Kiranya jelas, apabila seorang yang sudah menyelesaikan pendidikan S3, dalam sebuah pidato berulang-ulang menyerukan agar pendengar "Menjaga ke-bhinneka-an" tanpa pernah menyatakan "Menjaga ke-bhinneka-tunggal-ika-an," cukup beralasan menduga bahwa orang itu memang ingin mengajak pendengarnya untuk menjaga keragaman, menjaga perbedaan, menjaga kebermacam-macaman. Kondisi pidato seperti itu cukup kuat pula menunjukkan bahwa orang yang berpidato itu adalah bagian dari pendengarnya. Mereka adalah kelompok yang sama, sedikitnya, selama berpidato berlangsung.
Idealnya, seorang warga NKRI yang sedikitnya sudah berpendidikan SLTA, bahkan tidak berpendidikan sekalipun namun menggunakan logika sehat, akan mengetahui hendak memilih menjaga ke-bhinneka-an atau ke-bhinneka-tunggal-ika-an. Bahwa yang perlu dijaga, dan dengan demikian menyerukan kepada orang lain untuk sama-sama menjaga ke-bhinneka-tunggal-ika-an. Itu perlu dijaga karena sudah disepakati sejak pendirian negara tercinta, merupakan kristalisasi kondisi riil Indonesia yang terdiri dari banyak pulau, banyak suku-bangsa, dan kemajemukan-kemajemukan lainnya. Meski masyarakat Indonesia sangat majemuk, seluruh elemen masyarakat bersepakat bertanah air satu, berbangsa satu, berbahasa satu, Indonesia. Bhinnekatunggalika,berbeda-beda tetapi satu jua.

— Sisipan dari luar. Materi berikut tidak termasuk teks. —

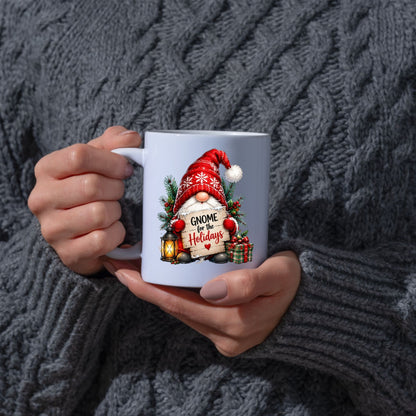 Charming Mug "Gnome for the Holidays" Christmas Gnome 325ml Ceramic Coffee Mug Festive Winter Holiday Tea Cup with Lantern, Gift & Wooden Sign Gift | Available in Multicolours | Fast Dispatch by UK Seller (M1254)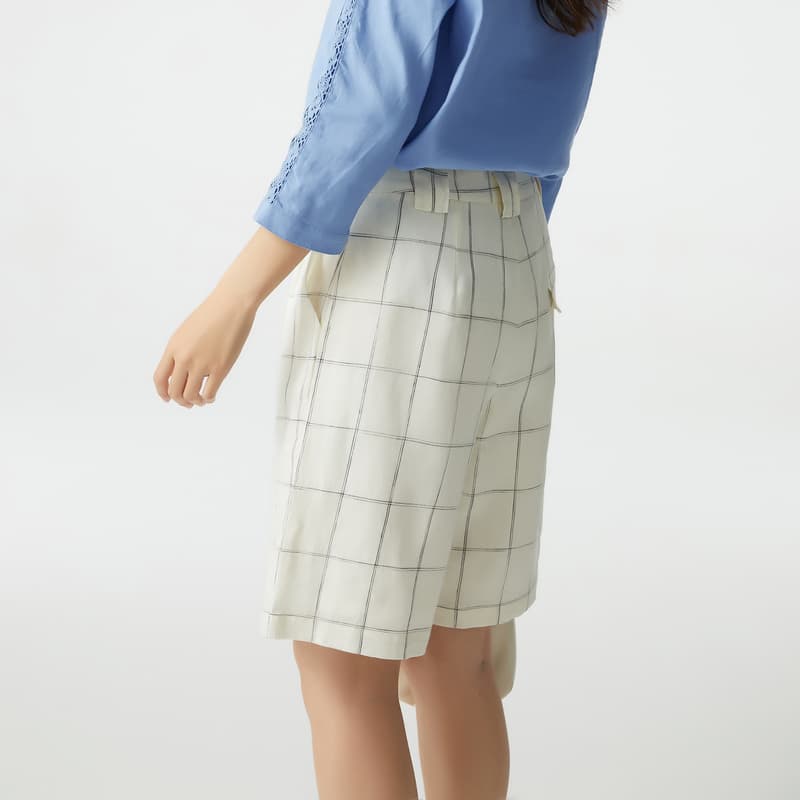 チェックパンツ ショート 格子模様入りすっきりショートパンツ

Dengan demikian, betapa naifnya seorang yang ingin disebut sebagai pemimpin daerah (gubernur, misalnya) tetapi menyerukan, menghimbau, dan mengajak pendengar pidato untuk menjaga ke-bhinneka-an. Sekalipun tanpa dirawat atau dijaga, ke-bhinneka-an sudah terbentuk sejak dahulu, tidak perlu dijaga atau dirawat. Kupikir, justru upaya menyatukan kemajemukan itu yang perlu digalang, diupayakan, diusahakan agar segenap elemen masyarakat mempunyai gerakan yang satu, gerakan pembangunan.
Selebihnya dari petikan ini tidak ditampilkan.